--- Data provided Enclosed Below ---

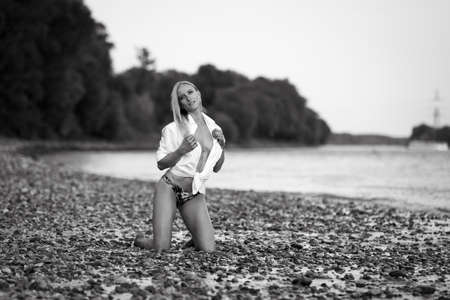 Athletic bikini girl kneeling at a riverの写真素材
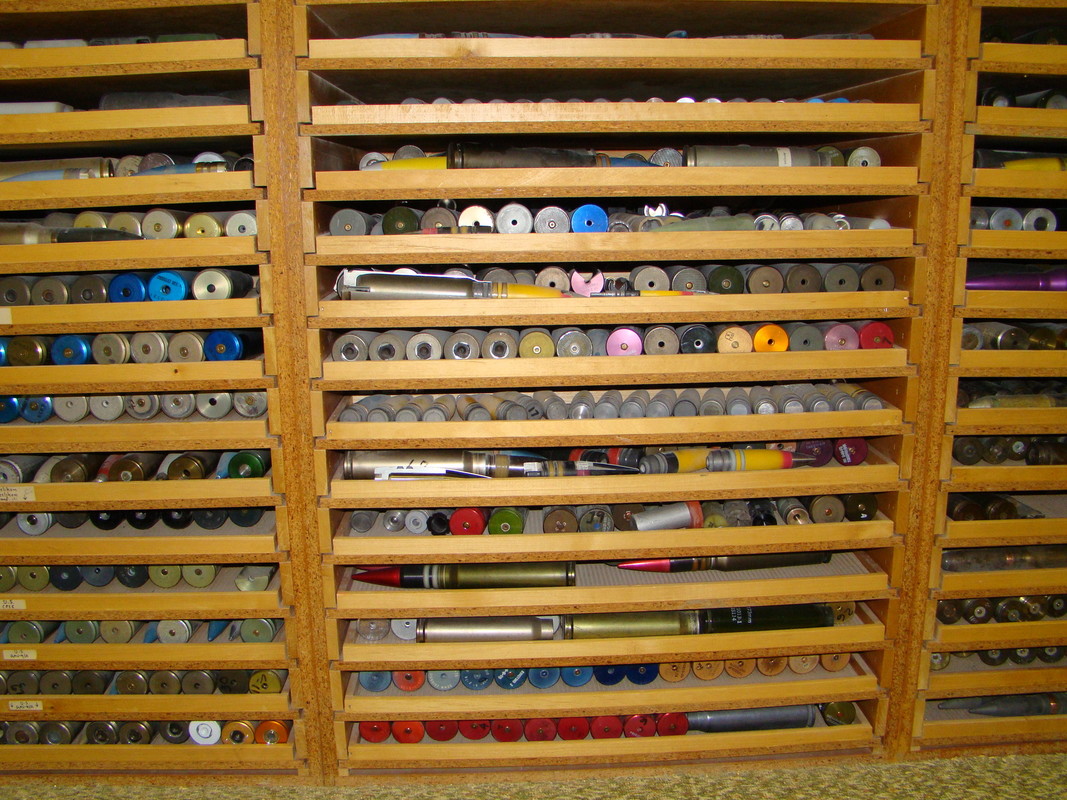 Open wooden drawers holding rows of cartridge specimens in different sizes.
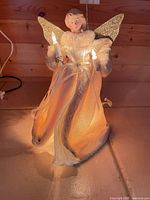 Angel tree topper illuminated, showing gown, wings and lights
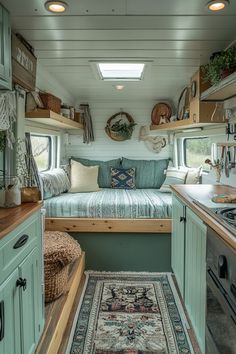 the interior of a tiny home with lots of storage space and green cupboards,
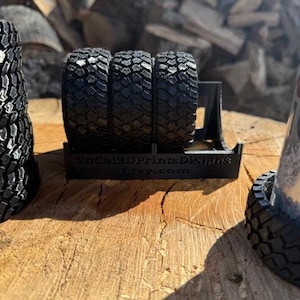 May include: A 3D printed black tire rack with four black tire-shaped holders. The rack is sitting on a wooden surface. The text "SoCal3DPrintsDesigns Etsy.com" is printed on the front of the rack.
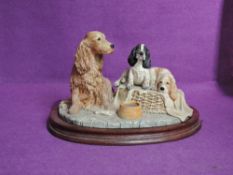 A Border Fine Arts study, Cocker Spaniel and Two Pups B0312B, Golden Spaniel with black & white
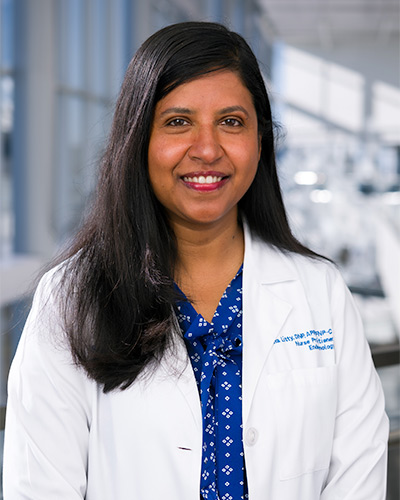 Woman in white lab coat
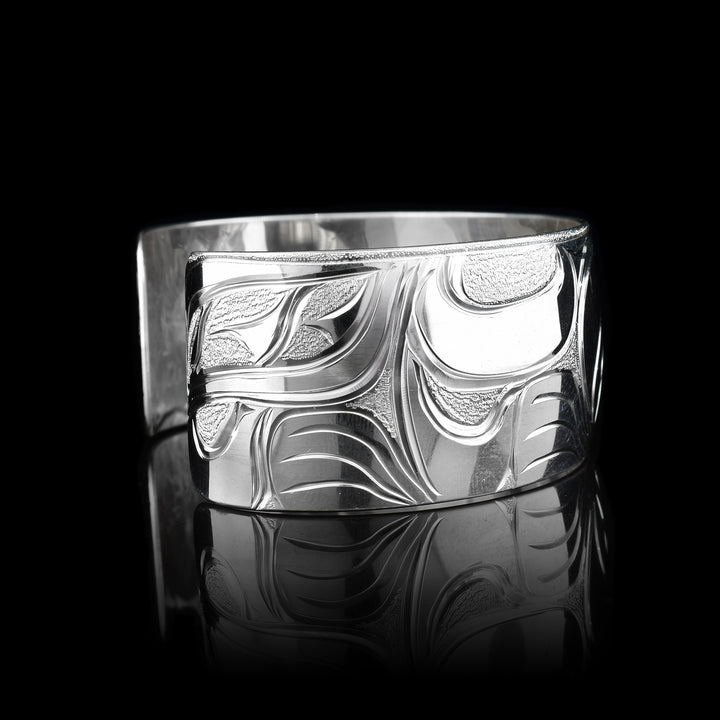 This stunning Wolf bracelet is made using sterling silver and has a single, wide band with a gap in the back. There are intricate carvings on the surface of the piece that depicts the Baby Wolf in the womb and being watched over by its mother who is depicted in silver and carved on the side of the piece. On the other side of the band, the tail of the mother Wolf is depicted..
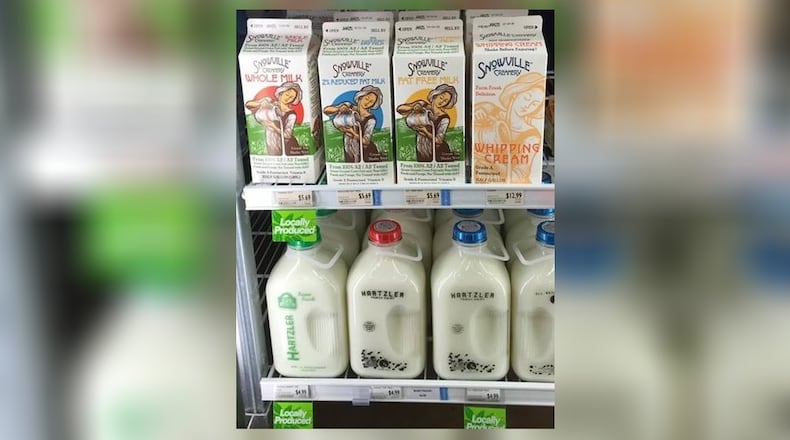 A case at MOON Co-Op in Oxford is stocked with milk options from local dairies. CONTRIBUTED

--- End of Enclosed Data provided ---

## Brief
Exact repetition is the task: every line from the start of the data to the line with "Woman in white lab coat", inclusive, and none after it, pictures omitted.

## Answer for the task
 Athletic bikini girl kneeling at a riverの写真素材
 Open wooden drawers holding rows of cartridge specimens in different sizes.
 Angel tree topper illuminated, showing gown, wings and lights
 the interior of a tiny home with lots of storage space and green cupboards,
 May include: A 3D printed black tire rack with four black tire-shaped holders. The rack is sitting on a wooden surface. The text "SoCal3DPrintsDesigns Etsy.com" is printed on the front of the rack.
 A Border Fine Arts study, Cocker Spaniel and Two Pups B0312B, Golden Spaniel with black & white
 Woman in white lab coat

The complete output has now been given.